Homeowners can take steps to ensure wolves aren’t attracted to their property and to keep their pets safe. The Ministry of Natural Resources has these tips for the public.
If you encounter a wolf
- Do not approach it to get a better look, entice it to come closer, or harass it.
- Do not feed it.
- Leave room for it to escape.
If a wolf approaches you or acts aggressively (growls or snarls)
- Raise your arms and wave them in the air to make yourself look larger.
- Back away slowly while remaining calm; do not turn your back on, or run from, a wolf or any other wild animal.
- Make noise and throw objects at the wolf.
- Use whistles, personal alarm devices or commercially available pepper spray (effective only at short ranges) to frighten an approaching or threatening animal.
Keep pets safe
Cats and small dogs may be seen as prey by wolves, while larger dogs may be seen as competitors. To avoid these situations consider the following suggestions:
- Feed pets indoors.
- Do not allow pets to roam. Wolves may try to kill a dog or a cat when given the opportunity.
- Walk your dog on a leash at all times.
- Do not leave pets unattended outside unless they are in a kennel with a secure top; wolves can jump into fenced yards, and dogs confined by chains are vulnerable to attack.
- Spay or neuter your dogs. Wolves are attracted to, and can mate with, domestic dogs that have not been spayed or neutered.
Secure garbage and minimize attractants on your property
- Properly store and maintain garbage containers.
- Put garbage at curbside the morning of the scheduled pickup, rather than the night before.

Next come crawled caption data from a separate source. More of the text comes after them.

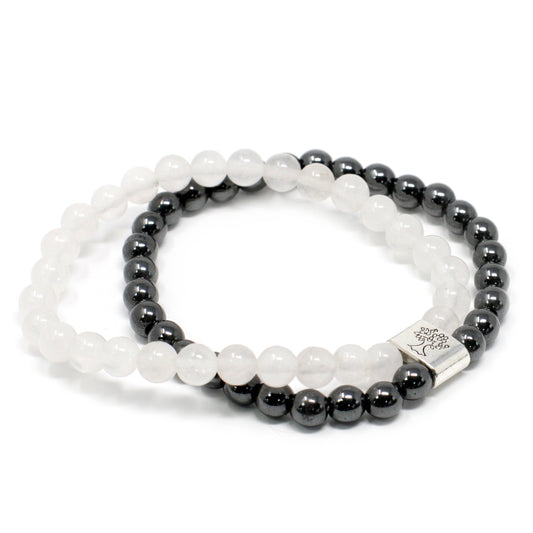 Magnetisches Edelsteinarmband - Weißer Quarz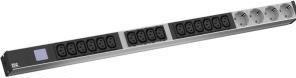Produktbild Bachmann BN0500 48,26cm 19Zoll PDU 1HE 16xC13 4x Schutzkontakt Leistungsmessung Anschluss CEE 16A bl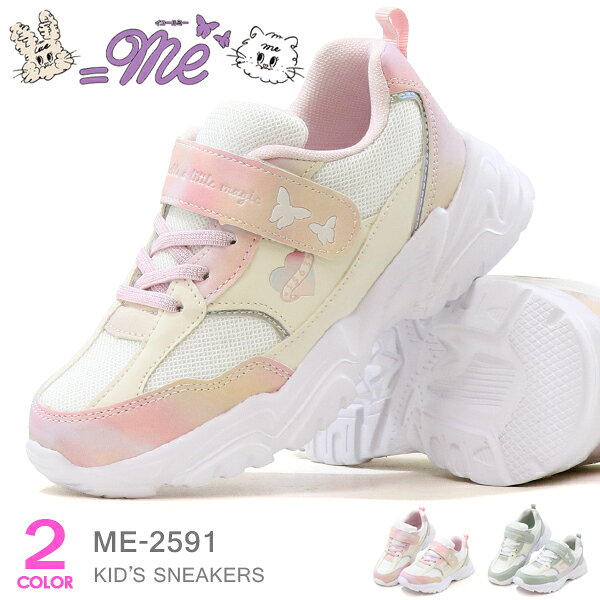 樂天商城 - スニーカー キッズ =Me 女の子 厚底 キッズシューズ ジュニア 靴 通学靴 マジック かわいい ネコ 軽量 イコールミー Me-2591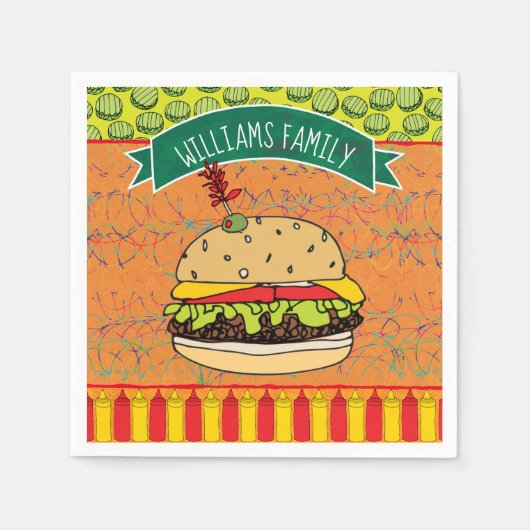 Summer GRILLEN Cheeseburger Name hinzufügen Serviette (Vorderseite)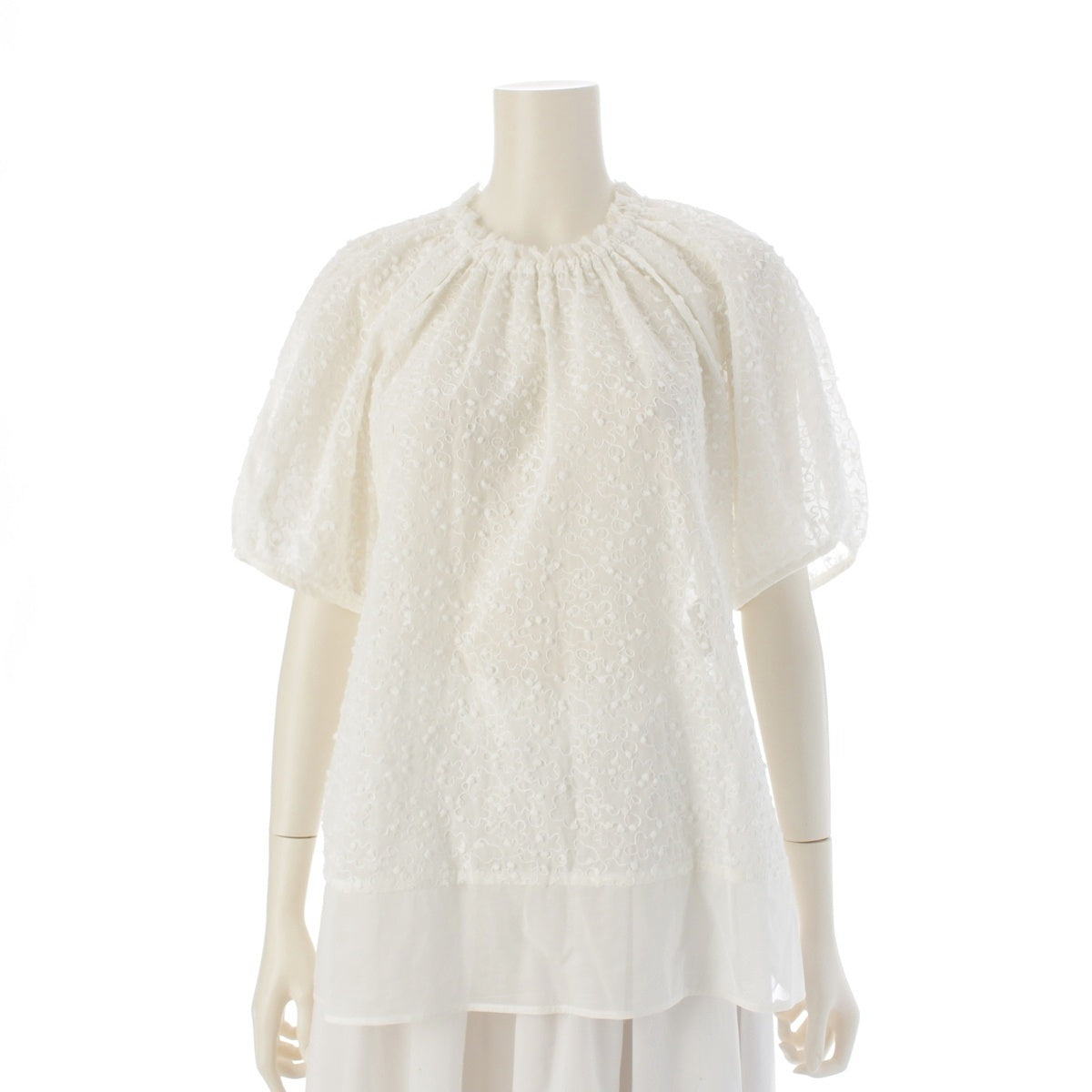 Drawer cotton Sheer Embroidered Floral Print blouse 6521-299-1319 white 38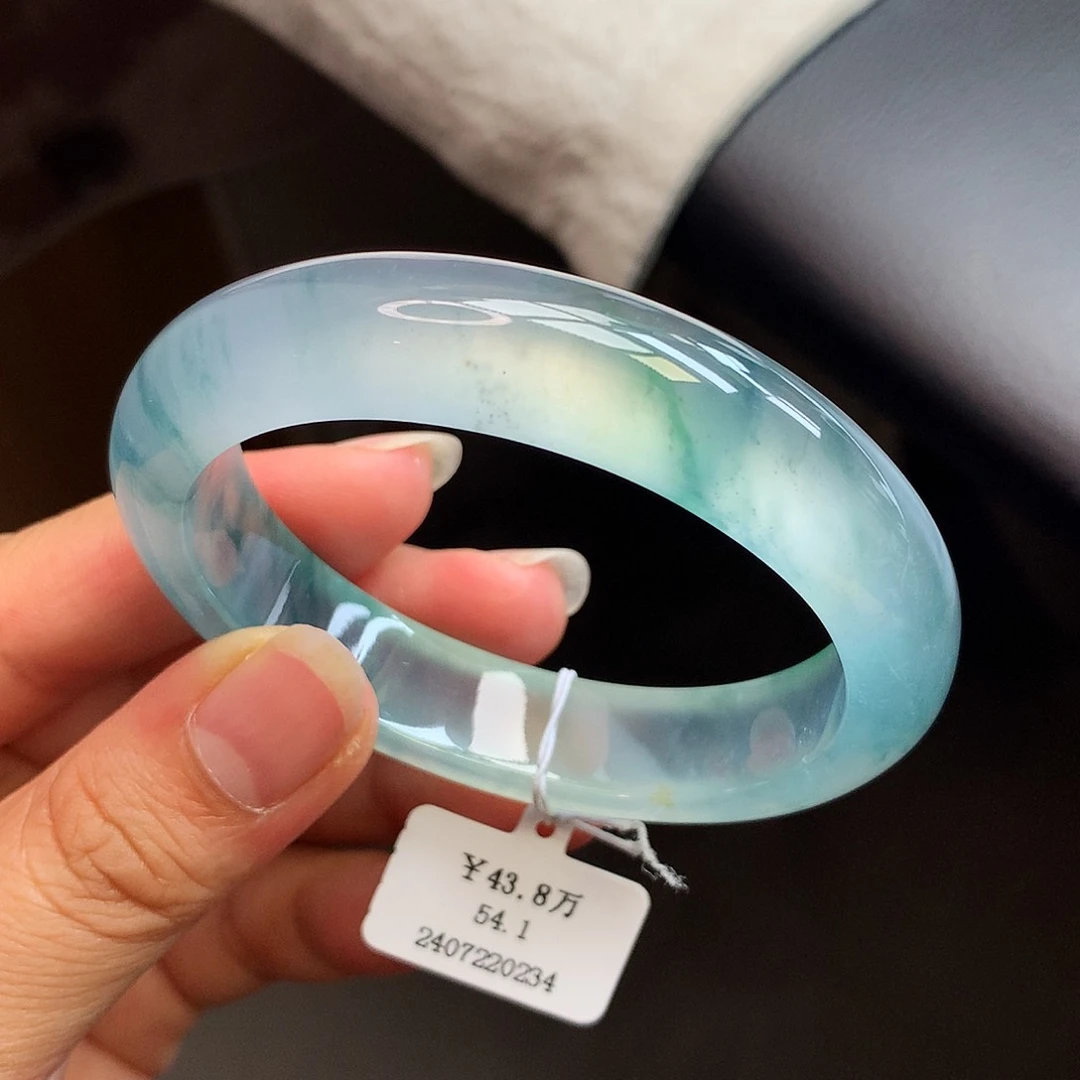 未镶嵌手镯翡翠54冰蓝飘花贵妃（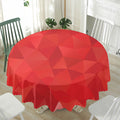 Red Polygonal Geometric Print Waterproof Round Tablecloth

- Use enclosed composting bins rather than exposed piles. Wolves are attracted to products containing meat, milk and eggs.
- Do not feed wildlife such as deer to prevent attracting wolves to your property; remove deer food and salt blocks.
- Keep pet food indoors.
Prevent predation on livestock
- Barns or sheds can provide effective protection from wolf predation for livestock that bed inside or nearby at night.
- Remove bush and forest cover that can help conceal predators like wolves from all active pastures.
Consider electric fencing to help deter wolves and other predators.
- Guard animals, such as donkeys, llamas and dogs can be a cost-effective way to protect livestock from wolves. Guard animals will develop a bond with livestock if they are slowly integrated and will aggressively repel predators.
- Well-lit yards or the use of motion-sensitive lighting may make your property less attractive to wolves and other nocturnal wildlife.